=== REQUIRED WORK ===
Where the data below begins, start retyping exactly, and end on the line with "Saueskinnsteppe Brun 65", which is included; no picture goes in.

Start of AVAILABLE DATA

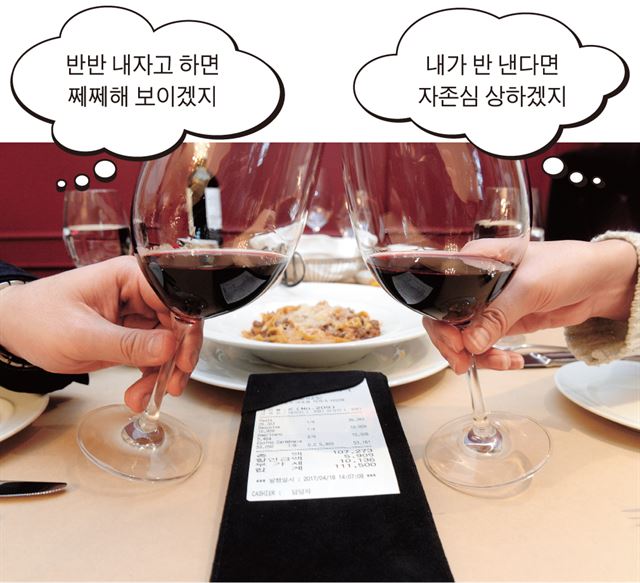 와인과 파스타 그리고 사랑이 곁들여진 테이블. 그런데 오늘의 데이트 비용은 누가 낼까? 18일 서울 서초동 레스토랑 태번38에서 연인들이 계산서를 사이에 둔 채 와인잔을 부딪치고 있다. 홍인기 기자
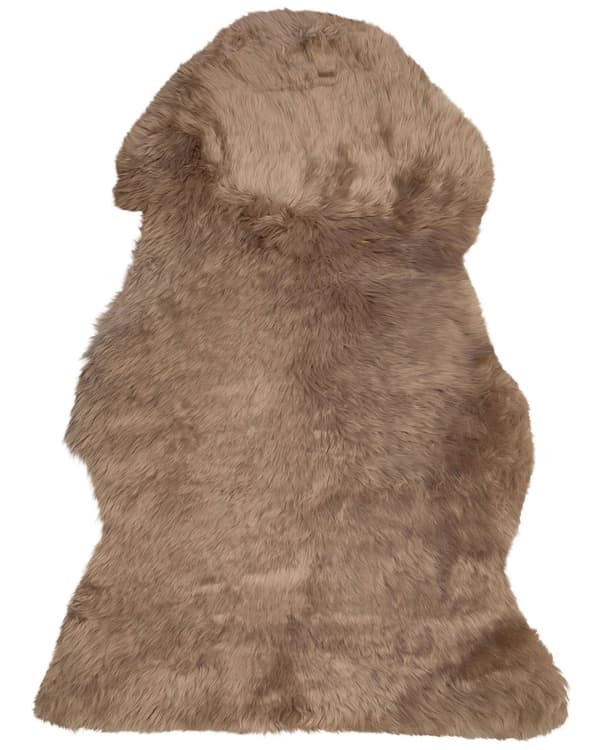 Saueskinnsteppe Brun 65 x 110 cm Naturlig Høy Pile Rustikk Stil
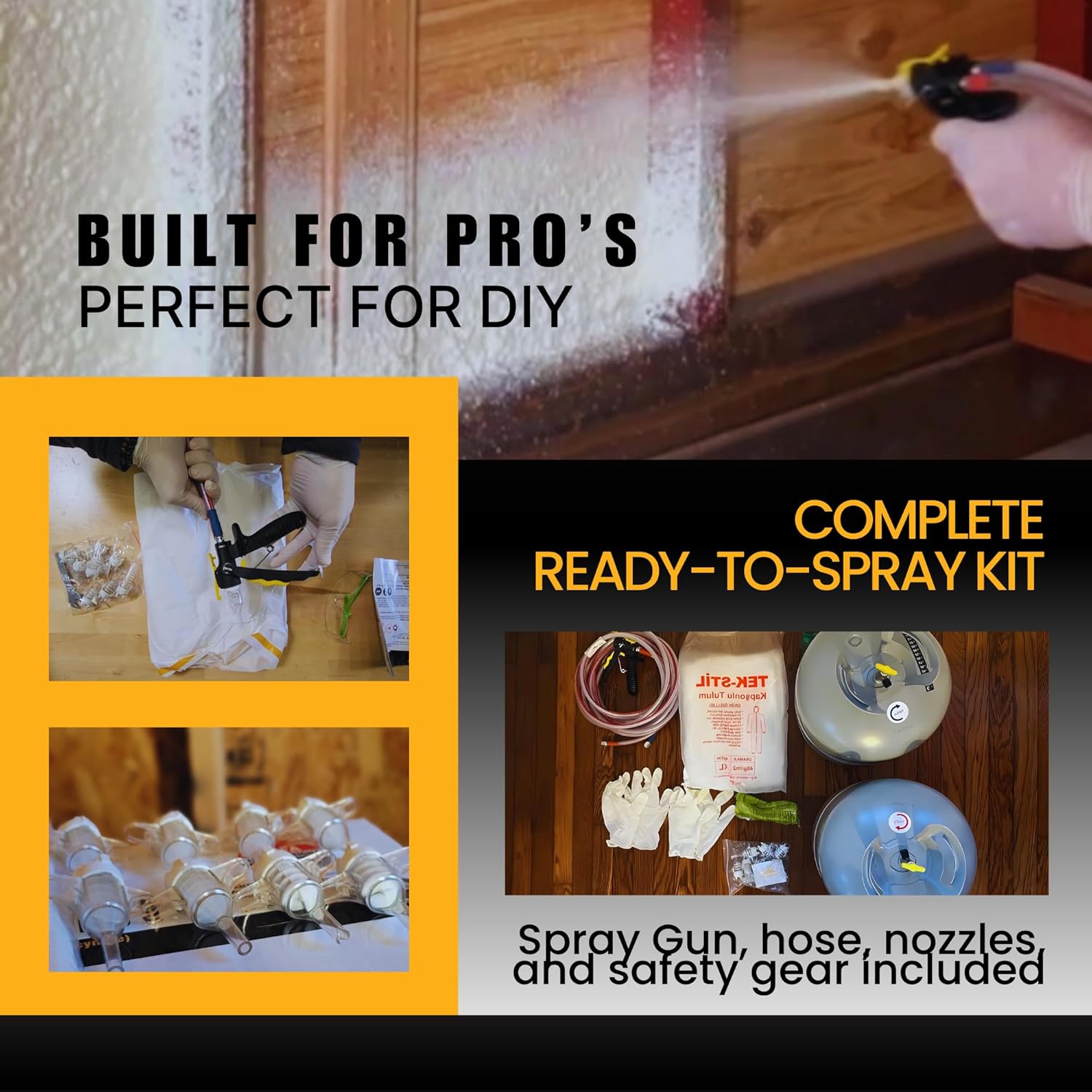 Vega Bond Open Cell Spray Foam Insulation Kit, 2-Part Foam Sealant for Thermal & Sound Insulation, Includes Hose & Gun, Coverage Options Available (320 Sqft Coverage - VG 320)
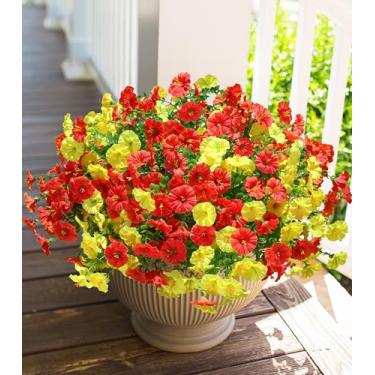 Imagem de Mães artificiais para atividades ao ar livre, plantas falsas de outono para decoração de outono, 12 pacotes de glória matinal de seda com aparência de eucalipto, verdade, resistentes a UV, mães falsas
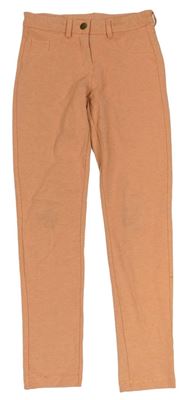 Oranžovo-šedé melírované tregínové kalhoty YIGGA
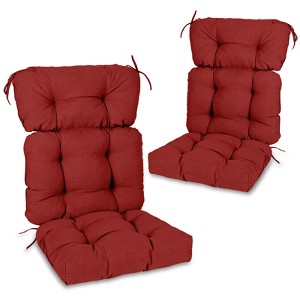 Aoodor Outdoor Tufted Back Cushions Patio Replacement Chair Cushion with Ties, Water and Fade Resistant for All Weather, Set of 2 - 1 of 4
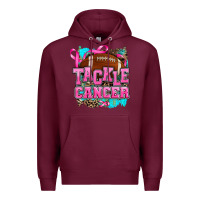 Burgundy tackle cancer Premium Hoodie - AdoDesignShop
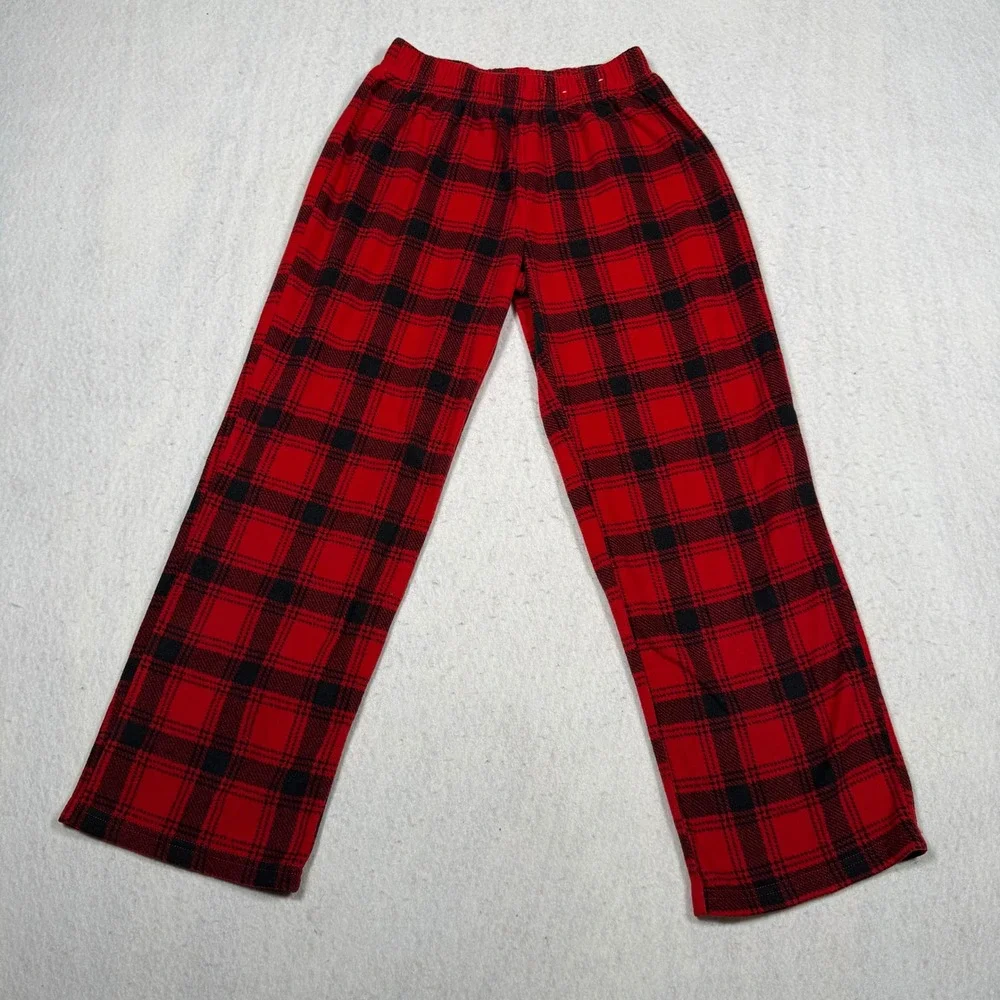Wondershop Target Kids Red Black Buffalo Plaid Fleece Pajama Pants Size M 8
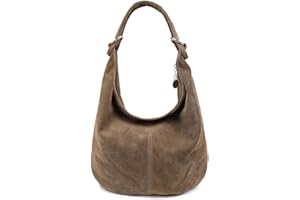 OBC ONLY-BEAUTIFUL-COUTURE OBC Made in Italy Damen XXL Ledertasche Leder Wildleder Shopper Tasche Schultertasche Umhängetasche Hobo-Bag Beuteltasche
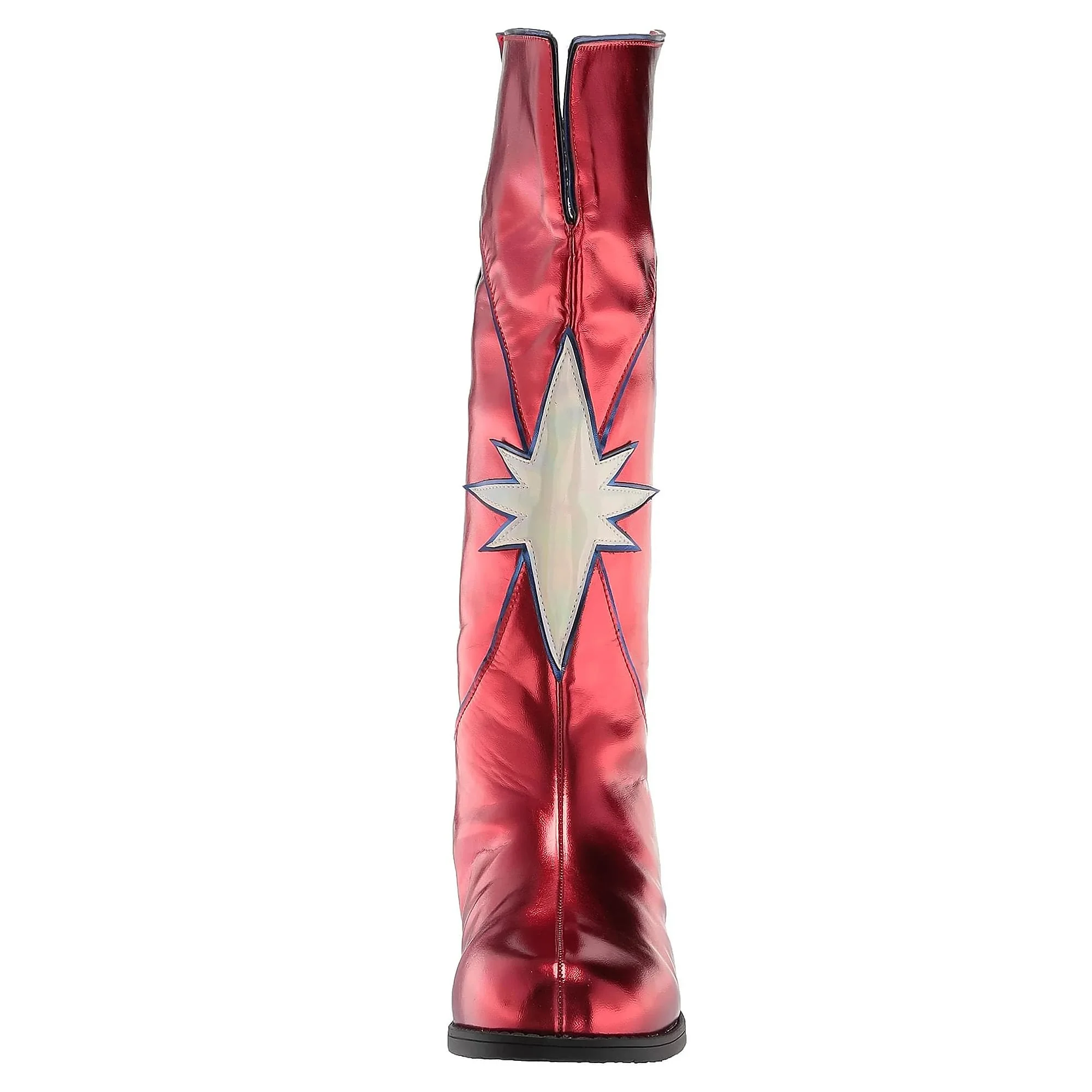 1.5" Heel Women's Knee High Superhero Boot Red - Image 9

End of AVAILABLE DATA

=== SOLUTION FOR THIS PROBLEM ===
 와인과 파스타 그리고 사랑이 곁들여진 테이블. 그런데 오늘의 데이트 비용은 누가 낼까? 18일 서울 서초동 레스토랑 태번38에서 연인들이 계산서를 사이에 둔 채 와인잔을 부딪치고 있다. 홍인기 기자
 Saueskinnsteppe Brun 65 x 110 cm Naturlig Høy Pile Rustikk Stil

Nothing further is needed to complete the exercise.